Range to output from the entries below: the line containing "Ralph Lauren Ralph" through the line containing "Shakyamuni Buddha Sacred". Set it down exactly, ends included, nothing else.
BEGIN WORKING DATA
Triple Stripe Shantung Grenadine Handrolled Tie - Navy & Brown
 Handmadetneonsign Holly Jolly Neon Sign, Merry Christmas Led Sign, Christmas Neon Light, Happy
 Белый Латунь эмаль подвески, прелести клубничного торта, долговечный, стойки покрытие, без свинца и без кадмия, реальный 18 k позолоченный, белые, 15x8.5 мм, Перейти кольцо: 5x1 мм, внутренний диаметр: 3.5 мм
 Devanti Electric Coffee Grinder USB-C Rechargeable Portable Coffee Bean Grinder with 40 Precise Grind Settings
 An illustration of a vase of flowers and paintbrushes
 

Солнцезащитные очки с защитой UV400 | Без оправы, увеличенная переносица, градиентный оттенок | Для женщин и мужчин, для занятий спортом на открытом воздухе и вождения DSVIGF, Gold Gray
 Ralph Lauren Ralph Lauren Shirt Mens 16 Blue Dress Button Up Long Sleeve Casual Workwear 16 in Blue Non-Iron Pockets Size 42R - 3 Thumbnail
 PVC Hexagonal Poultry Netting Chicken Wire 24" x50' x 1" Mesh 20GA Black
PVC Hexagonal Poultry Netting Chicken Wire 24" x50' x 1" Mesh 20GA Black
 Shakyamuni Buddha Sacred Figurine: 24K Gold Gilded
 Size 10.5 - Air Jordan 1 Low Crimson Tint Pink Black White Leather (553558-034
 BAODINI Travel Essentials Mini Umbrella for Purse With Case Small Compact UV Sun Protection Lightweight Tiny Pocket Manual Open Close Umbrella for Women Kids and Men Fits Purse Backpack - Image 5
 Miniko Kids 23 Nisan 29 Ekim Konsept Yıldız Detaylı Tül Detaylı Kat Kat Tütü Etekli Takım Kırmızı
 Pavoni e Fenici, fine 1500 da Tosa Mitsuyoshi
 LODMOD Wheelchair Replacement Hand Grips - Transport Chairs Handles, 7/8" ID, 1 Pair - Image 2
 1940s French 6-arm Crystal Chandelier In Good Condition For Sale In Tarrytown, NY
END WORKING DATA
> SOLUTION:
 Ralph Lauren Ralph Lauren Shirt Mens 16 Blue Dress Button Up Long Sleeve Casual Workwear 16 in Blue Non-Iron Pockets Size 42R - 3 Thumbnail
 PVC Hexagonal Poultry Netting Chicken Wire 24" x50' x 1" Mesh 20GA Black
PVC Hexagonal Poultry Netting Chicken Wire 24" x50' x 1" Mesh 20GA Black
 Shakyamuni Buddha Sacred Figurine: 24K Gold Gilded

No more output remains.